=== DATA SHOWN ===

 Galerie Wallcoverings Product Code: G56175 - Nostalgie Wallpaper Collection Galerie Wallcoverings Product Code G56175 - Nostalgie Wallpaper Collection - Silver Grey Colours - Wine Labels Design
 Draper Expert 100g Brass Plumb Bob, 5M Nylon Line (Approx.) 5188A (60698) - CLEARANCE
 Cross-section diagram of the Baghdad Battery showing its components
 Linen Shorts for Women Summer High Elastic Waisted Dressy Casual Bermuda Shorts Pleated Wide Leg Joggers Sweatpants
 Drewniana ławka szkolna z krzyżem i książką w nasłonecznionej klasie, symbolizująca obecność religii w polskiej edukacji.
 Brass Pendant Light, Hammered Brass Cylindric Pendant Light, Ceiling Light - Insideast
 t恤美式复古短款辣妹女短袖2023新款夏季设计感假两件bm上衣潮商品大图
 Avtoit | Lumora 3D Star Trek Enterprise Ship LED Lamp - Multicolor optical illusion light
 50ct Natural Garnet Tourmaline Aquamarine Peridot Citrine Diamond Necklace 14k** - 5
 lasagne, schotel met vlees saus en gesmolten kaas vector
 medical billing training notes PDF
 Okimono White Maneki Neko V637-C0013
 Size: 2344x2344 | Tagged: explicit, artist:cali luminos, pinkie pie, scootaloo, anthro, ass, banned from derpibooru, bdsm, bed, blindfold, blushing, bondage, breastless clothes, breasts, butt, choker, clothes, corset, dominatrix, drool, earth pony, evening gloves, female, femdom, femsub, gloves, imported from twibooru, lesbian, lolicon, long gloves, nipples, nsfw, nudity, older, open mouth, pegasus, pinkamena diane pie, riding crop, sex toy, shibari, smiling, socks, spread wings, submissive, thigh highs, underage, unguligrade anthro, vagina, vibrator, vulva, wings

===

• ACTIVITY
All lines holding the word "Brass" must be found in the listing and copied.

• EXERCISE RESULT
 Draper Expert 100g Brass Plumb Bob, 5M Nylon Line (Approx.) 5188A (60698) - CLEARANCE
 Brass Pendant Light, Hammered Brass Cylindric Pendant Light, Ceiling Light - Insideast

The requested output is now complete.